PANAMA | Tuesday, 28 August 2018 | Views [142]

We got up pretty early to go to the Panama Canal; a must do experience – or so we are told. Tim, as usual, wanted to get there how the locals do. Sure, you can pay for Hop-on-hop-off for $33, a private transfer for about $27 per person; or, you can take the local transit. Although I was sceptical, even after travelling through a variety of countries on local, crappy, buses and trains; I reluctantly agreed.

We got out the door by 8am, skipping the less desirable breakfast. We hopped on the Metro to Albrook Mall / Station. It only takes about 5 minutes and it was surprisingly not very busy at 8am. Busy is relative.

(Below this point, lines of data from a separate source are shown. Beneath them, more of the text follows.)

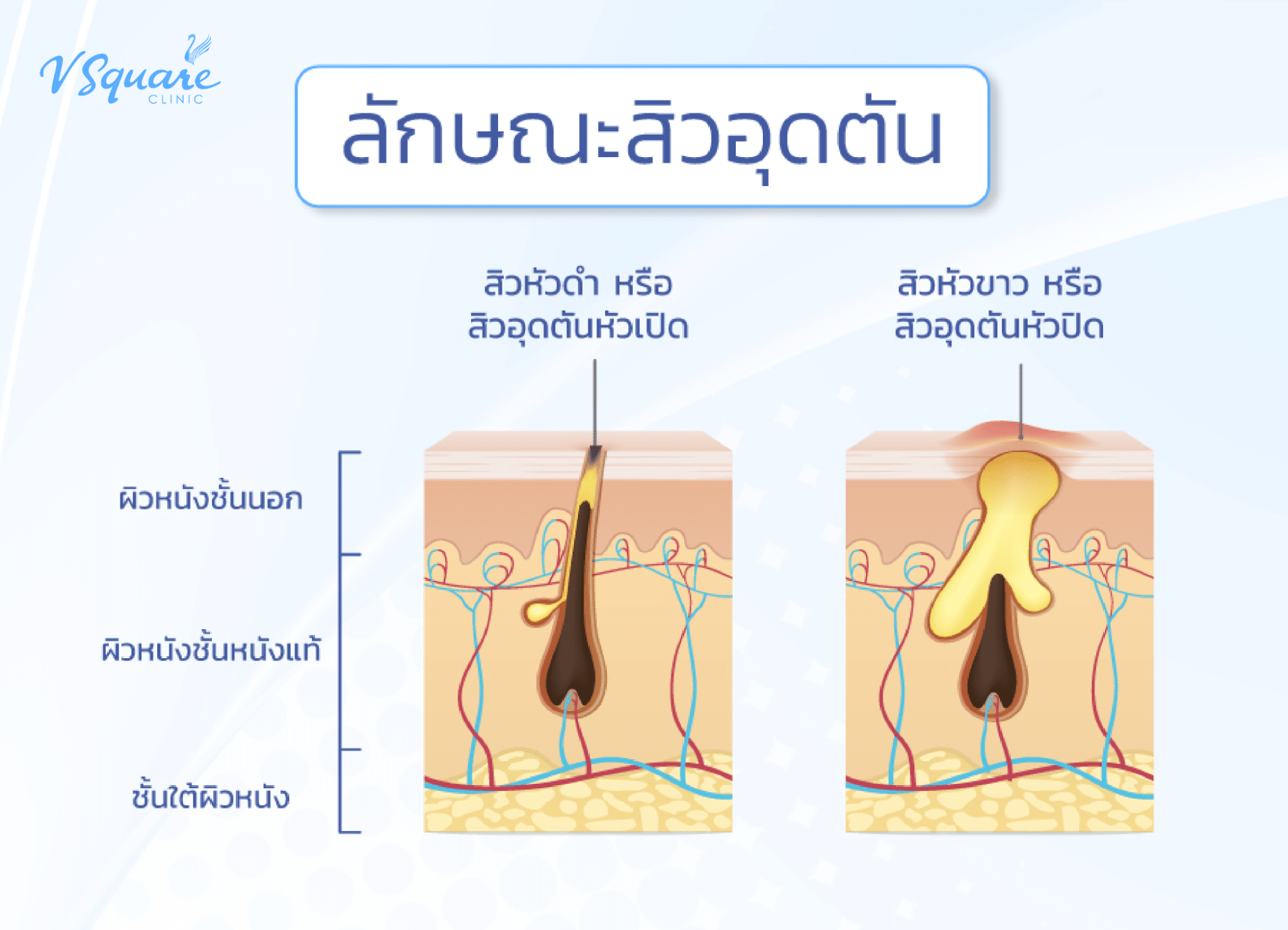 ลักษณะสิวอุดตัน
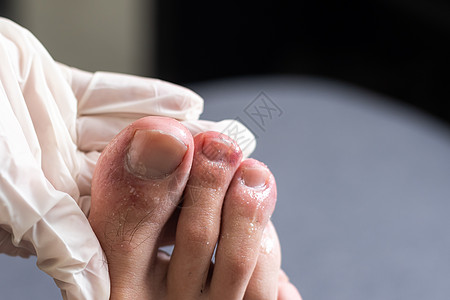 男人的脚趾显示什么看起来像红发皮肤皮疹 Covid19通常被称为Covid脚趾的一个常见副作用治疗痛苦疾病冻疮病变皮肤科水泡荨麻图片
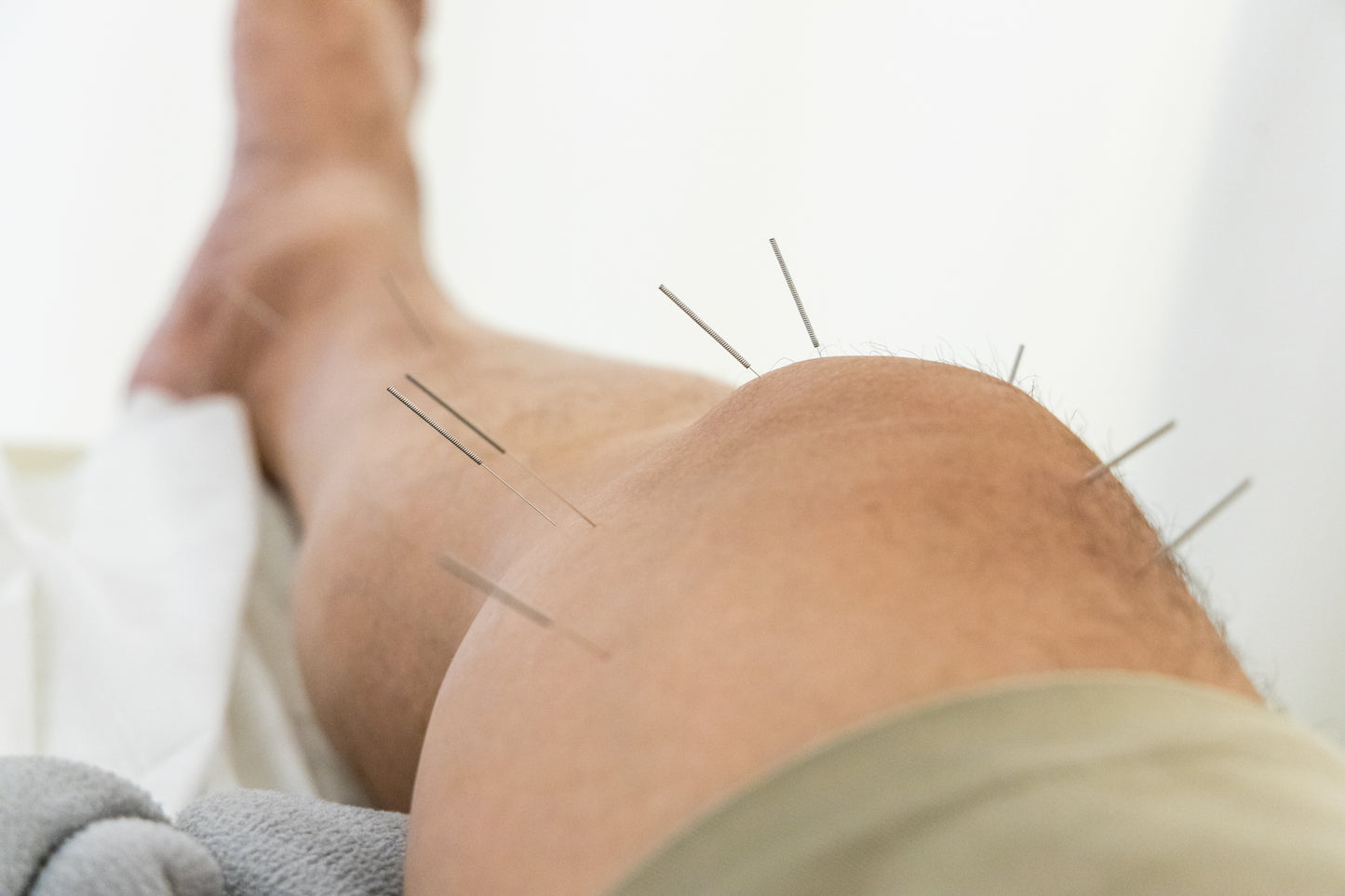6 Session Acupuncture Package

We found our stop (D) fairly easily, thanks Google and we were quickly educated by the locals that we needed to line up. It seemed weird because many of the places we have travelled there are many cheaters that ignore a line up and just crowd the doors. Happily, everyone was humbly waiting in line and I don’t think a single person would have skipped in. 

The bus was quite small and packed! It was not Mexico packed and for 25 cents, who can complain; especially for a 10 minute bus ride. Most people got off a couple stops from the locks. 

We arrived to the Panama Canal; right at the front doors. The cost of entry was $15 and we were informed that there were ships being processed through the canal; 4th floor.

The observation deck was quite full; all watching a routine ship being lifted by the gravity of water. 

The experience of the locks wasn't unique. I mean sure, this canal was incredible difficult to construct, connects the Pacific and Atlantic oceans, but they are no different than the locks along any canal in Canada; especially Ontario. 

We watched the process for a while, finally got premier standing room and took some photos.

The museum was as impressive as the locks; cool, but hard to say if the experience is worth a trip to Panama. It is a must see, I guess, but the newer expansion locks are far bigger, way more impressive yet not accessible to the public. I would like to see a container ship carrying 14 thousand containers; not one carrying a couple hundred. 

The video was pretty good, gave the history of the facility including the nationalization of the project. All in all, I would say you must come to the Canal if you come to Panama, however, I suspect the experience becomes more important after the fact. * Remember the time when...

We grabbed the bus back to Albrook Mall where we walked around. It was far less busy during the week, but increasingly busy as we were there.

We checked out some stores, The grocery store was bright and very nice!

Albrook mall has at least 4 food courts, all with food from across the globe, but mostly American. We couldn't resist grabbing a small bite to eat.

We enjoyed a panini pressed chicken parmigiana sub; does not look as good as it tasted. Yummy($1).

We headed back to our area of town. One of the local 'dive restaurants' that Tim has been eyeing up was packed. We got in line and ordered a 1/4 chicken dinner. They were barbequing and cutting them in the front of the shop; the smoke was awesome. He got typical Panamanian sides, rice, beans and banana. The chicken was a bit salty, but of the best we have ever had; amazing ($3.75).

With full bellies, we mustard the effort to get up to the hotel pool. The skies were very dark. I enjoyed the hot tub with Tim until he decided to napped on the patio chairs. I chatted with another Canadian family from Toronto for awhile. We enjoyed the roof-top area until the skies opened up on us; time to go.

The evening was pretty quiet. We went to the grocery store, got some wine and beer; then to Nikos. Tim isn't feeling well and just wanted soup; sadly it didn't look great. Instead we got an empanada and ham sub. Again, the food didn't look as good as it tastes. We enjoyed an evening in the hotel just relaxing.